Imagine Your Ideal Lifestyle
I have a theory that we all live in a box. I've said it before, but it seems to me that most people don't know why they do what they do; they simply do. Today I went to work early in the morning and I stayed there until the late afternoon. By the time I got home the daylight was starting to fade and the slight cold that I had been developing seemed only to get worse. I was sitting by my computer wondering what I would write about and I was feeling sad because I knew that I would do the same thing tomorrow that I did today.
And then I asked myself why. Why do I get up and go to work everyday? Why do I live somewhere with a cold climate when I would much rather live somewhere warm? Why do I drive to work when I would prefer to bike? In other words - Why do I do anything?
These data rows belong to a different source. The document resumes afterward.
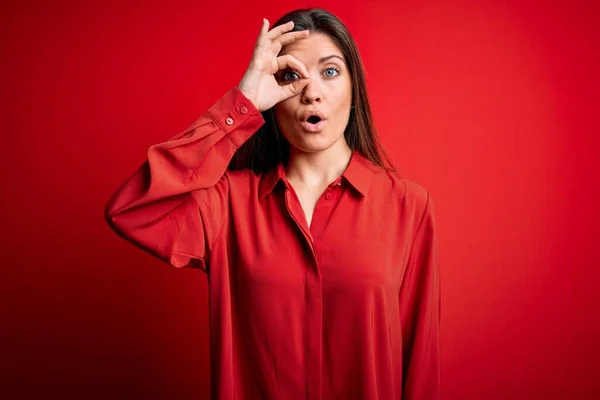 Junge Schöne Frau Mit Blauen Augen Lässigem Hemd Das Über — Stockfoto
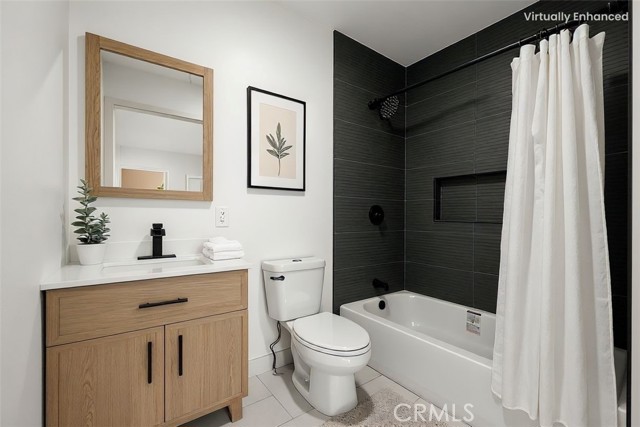 Detail Gallery Image 27 of 44 For 924 W Almond St, Compton,  CA 90220 - 3 Beds | 2 Baths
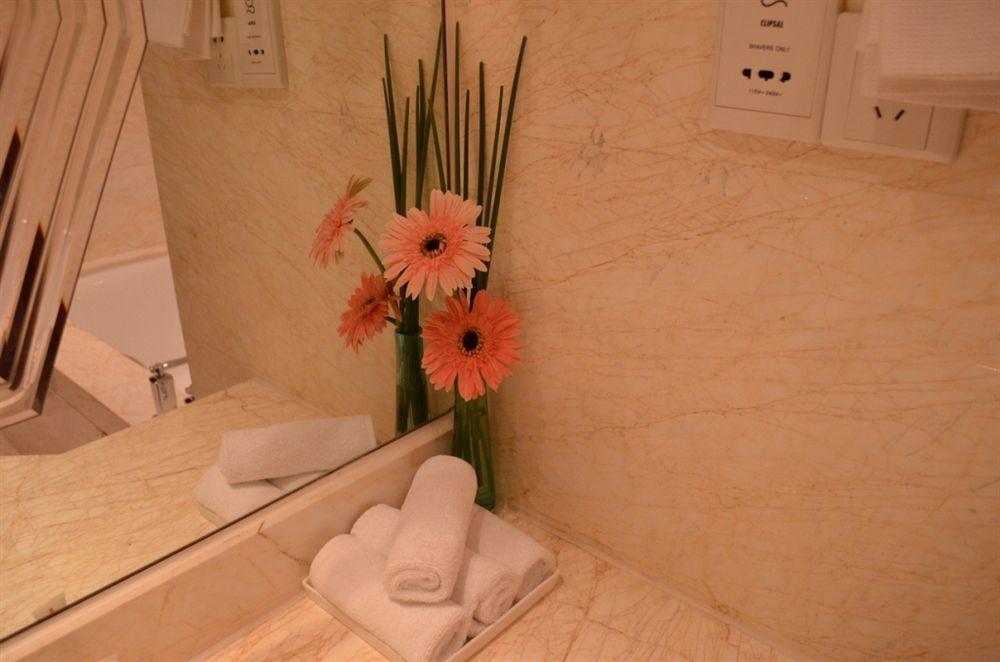 New Century Grand Hotel Пекин Экстерьер фото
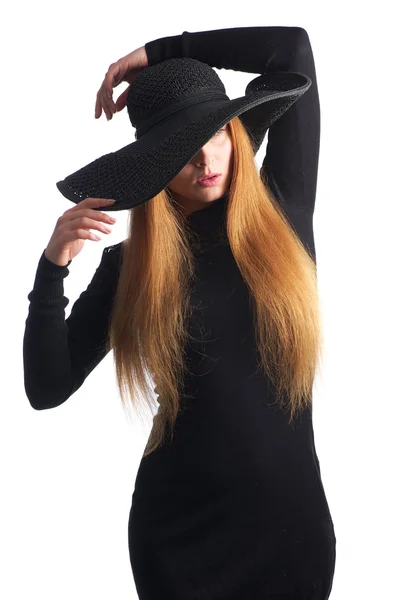 Kadın moda model siyah şapkasıyla poz portresi — Stok fotoğraf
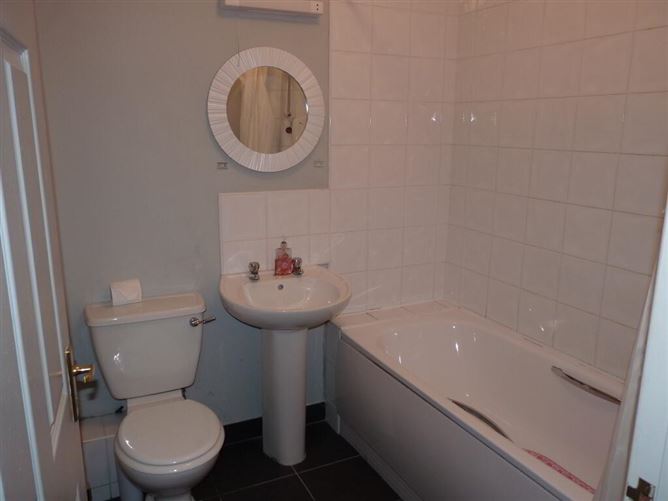 8 Inver Gael, Carrick-on-shannon, County Roscommon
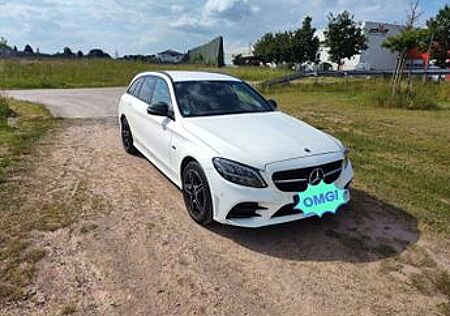 Mercedes-Benz C 300 e T Autom. -AMG Line/night Paket/Ambienteb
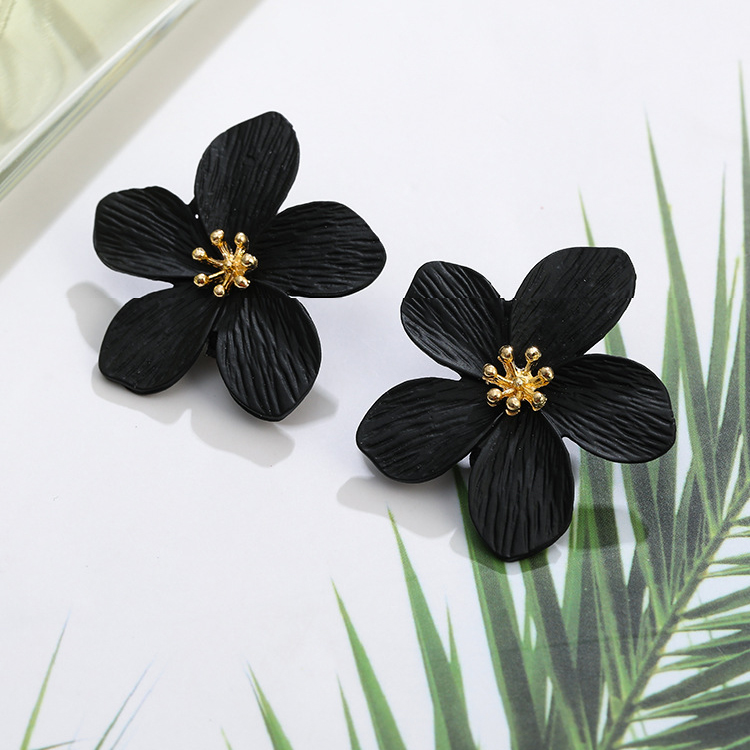 YK Beauty Large Flower Stud Black Earrings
Or better yet, why does anyone do anything? Why do people get married between the ages of 25 - 28, have children and move to the suburbs? Why does anyone ever use the term "best practice" even though it doesn't actually mean anything at all? Why do people decorate their homes for holidays that mean nothing to them?
These are all questions without clear answers. In fact, whenever I try to ask anyone any of these questions, or other questions like these, they simply cannot hide a look of annoyance and social rejection, as if all of these tendencies are somehow natural, somehow innately human qualities. But they aren't. Living in the cold, working in office buildings, driving in cars, restricting our spoken vocabulary, living in isolation and celebrating meaningless celebrations are not natural ways of being. The only reason that it makes sense for any person to do any of these things is in context of someone or something else. We are by nature social creatures, and so I believe that we often behave in irrational and unjustifiable ways simply because it is normal.
I Can't Live That Way #Conformity
I have always been the person to ask why. I want to know how the unwritten and unspoken rules that govern our everyday lives came to be so that I can tear them down. Personally, I want to live in a way that brings me happiness, with or without social acceptance. Unfortunately, given my current non-wealthy financial position, I have to play by the rules and perform based on the subtly veiled expectations of those around me. For now, this means continuing to do many of the things that I don't necessarily want to do. And honestly, I'm not sure that I can think of a single person that really would want to follow the path laid down by our society if they really took the time to think about it; it's just that most people don't.
Save Yourself - Literally
The most unsettling part about all of this is that everyday I see the result of not asking why. In the corporate world, I see so many people aged 40, 50, 60 or older who seem to lumber around and give off am impression of lifelessness. "Happy Friday" "It's been a long week" "Almost 5:00" are the ironically dreary palpitations of a heart that has long lost its desire for fulfillment. In a way, these statements represent the hollowed out, yet socially acceptable, ways of expressing satisfaction or anticipation. The cyclical longing for the weekend suggests an inability for any other time to provide a similar level of satisfaction.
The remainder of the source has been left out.